Twitterville is a compendium of Twitter case studies as crowd-sourced from hundreds of “tweeters” from around the world, organized and interpreted by Shel Israel, and published in a book that prides itself on “lethal generosity.”  While most Twitter books these days lead with both how-to and why to Twitter, Shel offers these as just an afterthought.
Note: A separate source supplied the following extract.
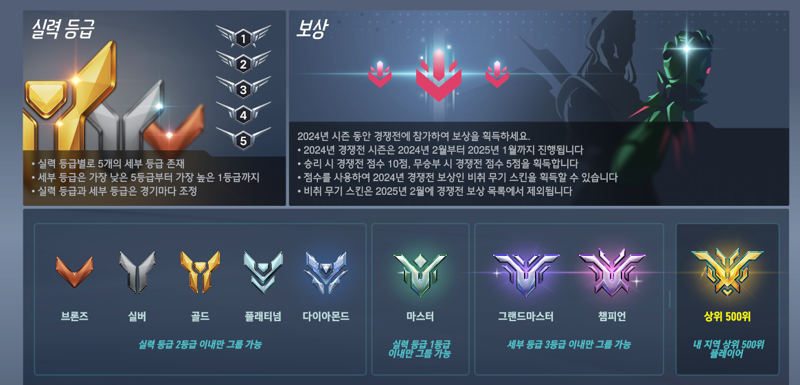 오버워치2 인벤 : 경쟁전 소개 페이지의 티어 마크 - 오버워치2 인벤 자유게시판 오버워치2 인벤 : 경쟁전 소개 페이지의 티어 마크 - 오버워치2 인벤 자유게시판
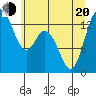 Totten Inlet tide chart for Monday, June 20, 2022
What interests him is the who, what, when and where of Twitter, from its inception history right through to the date the book went to press.

If you’re looking for a book to teach you how to tweet or the finer points of Twitter services, dashboards, tools, or who to follow and what to say, you can check out the comprehensive and opinionated All a Twitter by Tee Morris (@TeeMonster), the pedigreed Twitter for Dummies by Laura Fitton (@pistachio) Michael Gruen (@gruen), Leslie Poston (@GeeChee_girl), or even the short-but-complete O’Reilly The Twitter Book (@Sarahm) — you’ll get everything you need, with the who, what, when, where thrown in as an afterthought.

If you’re looking for a book that will catch you up on the story of Twitter, including wins, losses, personalities, every success and every #fail — from a business perspective — you need to pick up a copy of Twitterville, released on September 3. And by business, I don’t mean that this book is Twitter for Business because it isn’t.  This book is highly influenced by The Cluetrain Manifesto and by Shel’s previous book about blogging in a corporate environment, co-authored with Robert Scoble (@scobleizer), Naked Conversations.

These two books reminds me a lot of Twitterville because Cluetrain, Naked, and Twitterville all acknowledge that “markets are conversation” and that “the end of business as usual” has been going on for over a decade even if most companies are just sorting all of this stuff out as we speak.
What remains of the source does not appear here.